2020年代に大人気となった『鬼滅の刃』では、アニメ化において葛飾北斎のタッチを意識しているとされます。

水の呼吸を使いこなす剣士たちは、刀から波がほとばしる――その飛沫は確かに北斎の作品を連想させます。

それだけでなく葛飾応為の代表作を彷彿とさせるのが、2021年12月から放映された「遊郭編」でした。

華やかな光の世界のような遊郭に、闇の化身のような鬼が潜む。

そんな歴史の裏と表を描くような展開であり、葛飾応為の代表作の中にも、光と影が鮮やかに描かれたものがあります。

石灯籠の灯りで短冊を描く女性を描いた『夜桜美人図』。

そして『吉原格子先之図』です。

葛飾応為『吉原格子先之図』/wikipediaより引用

遊女と客を選ぶ華やかな場面のようで、光だけでなく闇もある。美しい遊女の顔は見えず、むしろ陰影が印象的です。

特定が難しいとされる彼女の作品ですが、この絵は提灯に「応」「為」「栄」の三文字が描かれていました。

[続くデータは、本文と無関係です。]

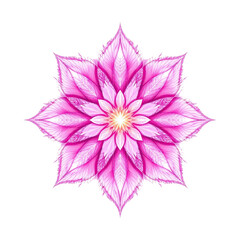 Fototapeta premium pink dahlia isolated on white background, 3d Pink Flower isolated on transparent background, png file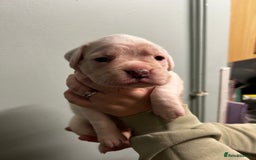 Boxer dogs for sale: 5 * kc boxer puppies  - Image 1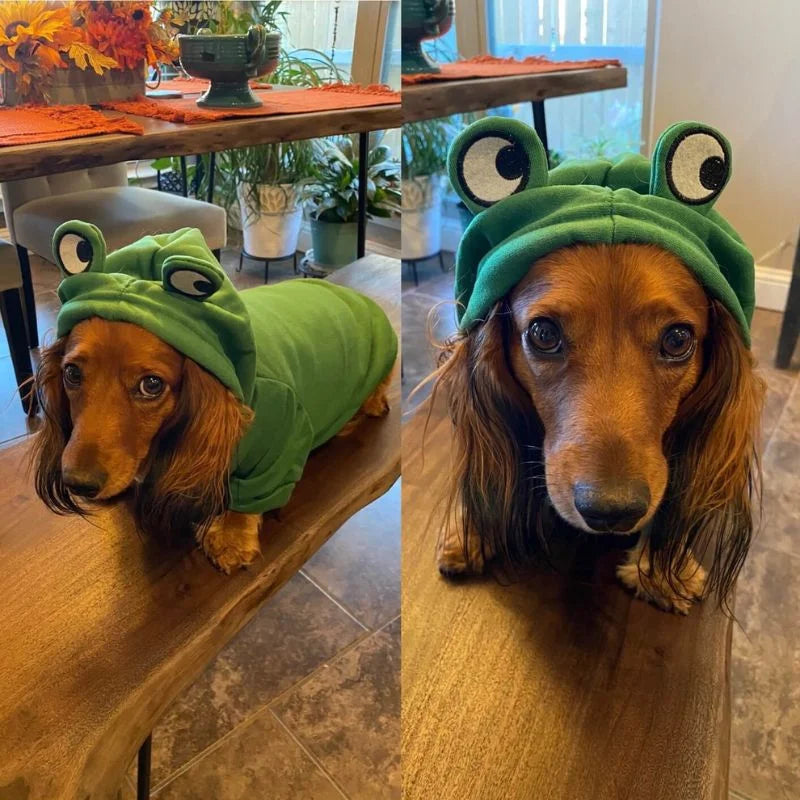 Dachshund-Frog-Hoodie-Warm-Doxie-Sweatshirt-www.doxie.us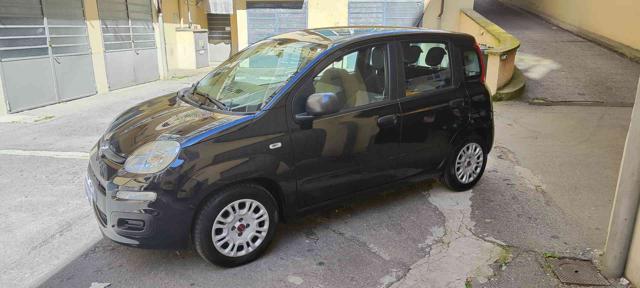 FIAT Panda 1.2 GPL Easy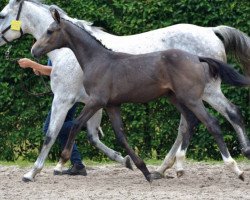 jumper Ciproska de La Falize Z (Zangersheide riding horse, 2016, from Cornado II)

この作品には、北斎と応為の父と娘が関心を寄せていた、当時は「紅毛画」とも呼ばれた西洋絵画の技法が反映されているとも指摘されます。

誰にも真似できぬ絵の境地に達したい――そう考えていた北斎は、様々な技術の習得を目指してシーボルトとも交流し、オランダ人カピタンの注文も受けていました。

このときの鮮やかな青を描くための「ベロ藍」の導入は有名ですね。

彼らは常に新技術の導入を怠らなかったからこそ、いま見ても古さを感じさせない、むしろ斬新な作品を生み出すことができたのでしょう。

彼らが人気に左右されにくい、独立独歩の姿勢で歩んできたからこそなし得たのかもしれません。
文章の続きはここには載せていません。